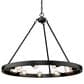 Golden Lighting Castile 9-Light Chandelier in Matte Black, , large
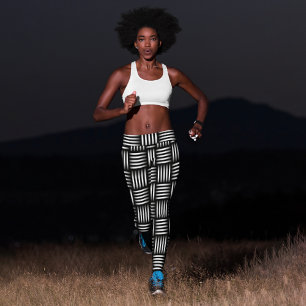 Gittermuster Capri Leggings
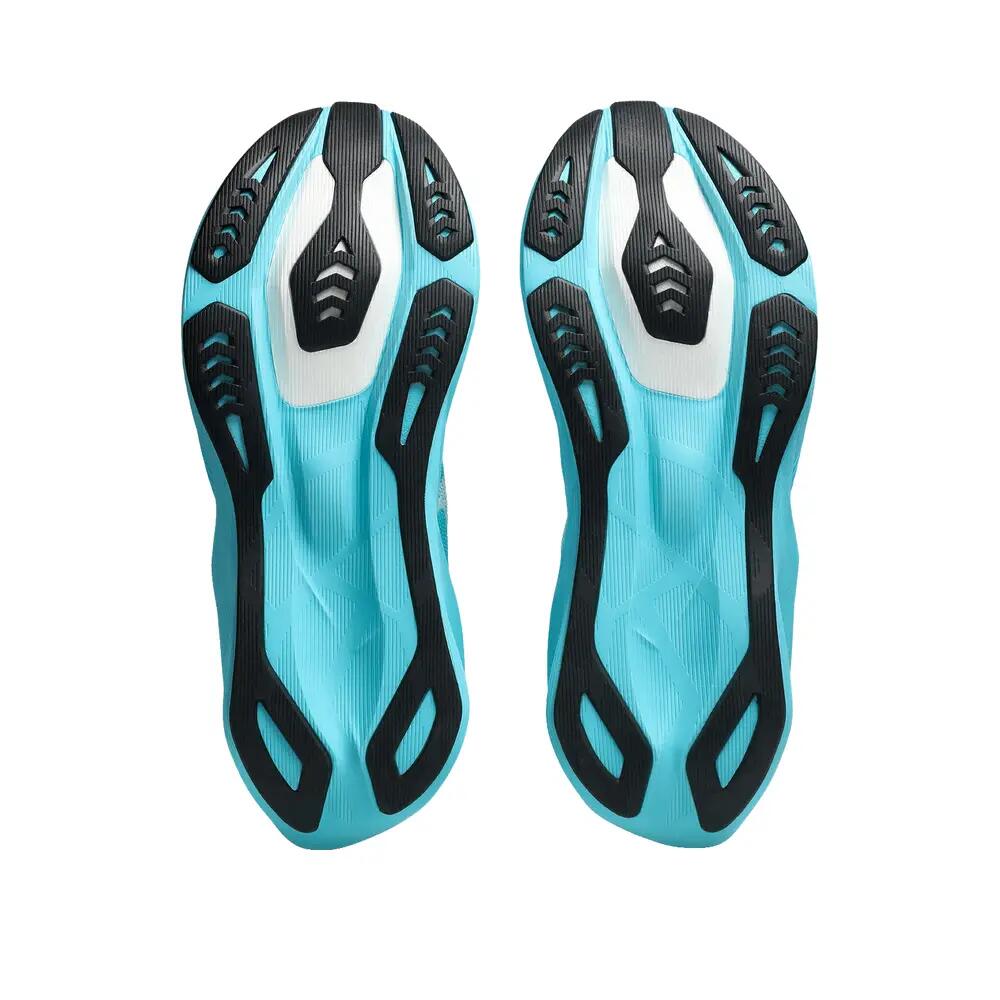 Chaussures de course ASICS Novablast 6 Aqua et Blanc 6/8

### What you should do
Retype precisely, and only, the lines from the one holding "Gittermuster Capri Leggings" through the final line of the data above, with the pictures omitted.

### Task response
 Gittermuster Capri Leggings
 Chaussures de course ASICS Novablast 6 Aqua et Blanc 6/8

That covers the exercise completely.